Segment Start: Input
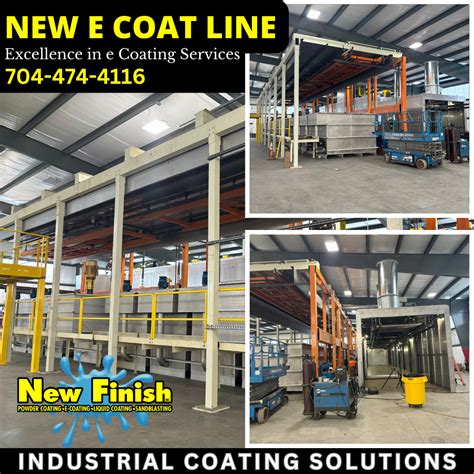 New Finish Inc Introduces Cutting Edge E Coating Services New Finish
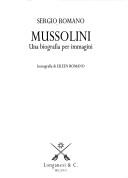 Cover of: Mussolini: una biografia per immagini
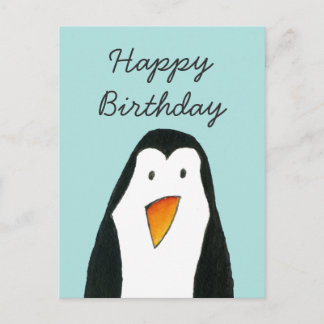 Penguin Birthday Card Postkarte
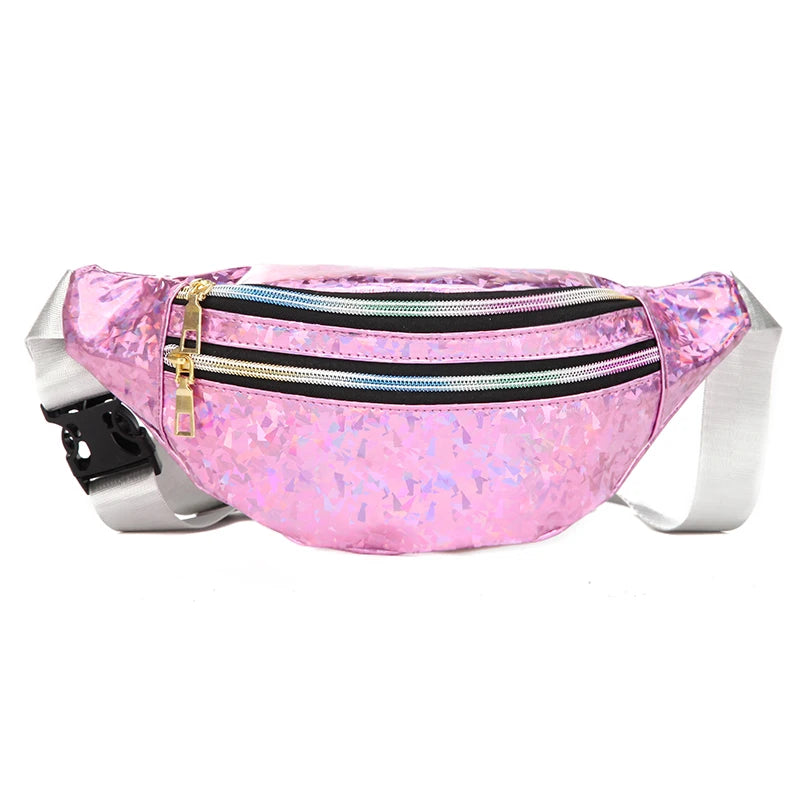 Holographic Laser Womens Waist Bag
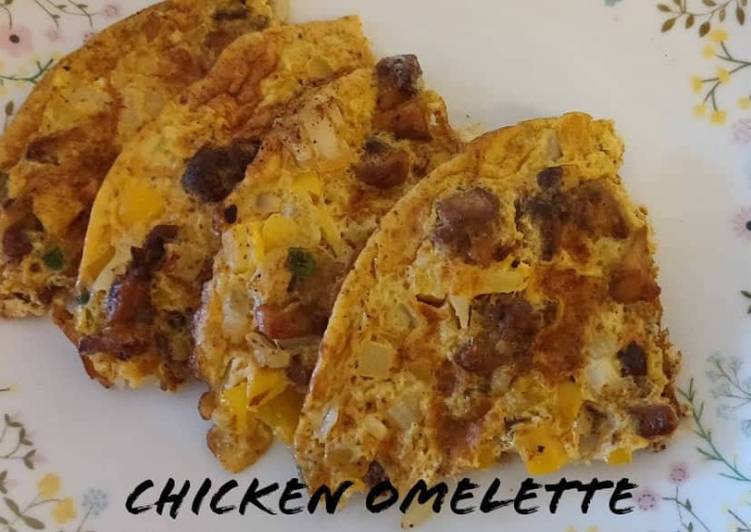 Chicken omelette recipe | spicy chicken omelette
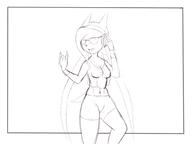 artist:badfidhell character:Sash_Lilac female monochrome safe sketch // 2000x1500 // 398.5KB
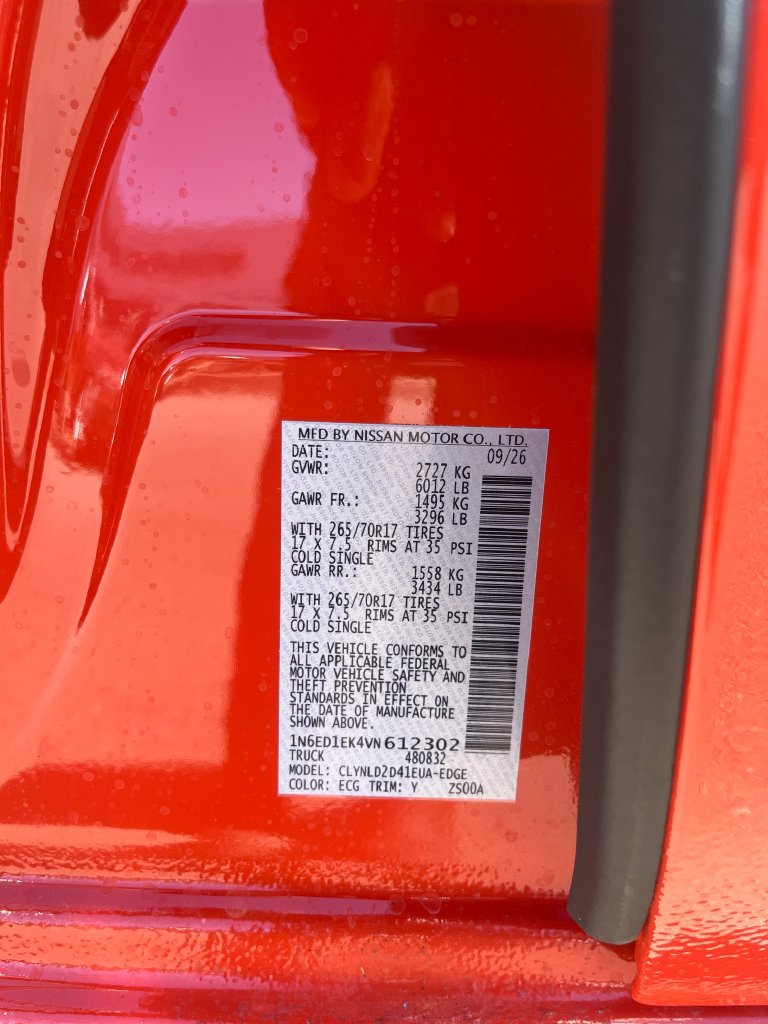 New 2027 Nissan Frontier PRO-4X w/ Pro Premium Package AWD/4WD image 29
Segment End: Input
• Task
Find the line with "Holographic Laser Womens Waist Bag". Return it and each line after it through the end of the data, exactly, without pictures.

• Solution to the exercise
 Holographic Laser Womens Waist Bag
 Chicken omelette recipe | spicy chicken omelette
 artist:badfidhell character:Sash_Lilac female monochrome safe sketch // 2000x1500 // 398.5KB
 New 2027 Nissan Frontier PRO-4X w/ Pro Premium Package AWD/4WD image 29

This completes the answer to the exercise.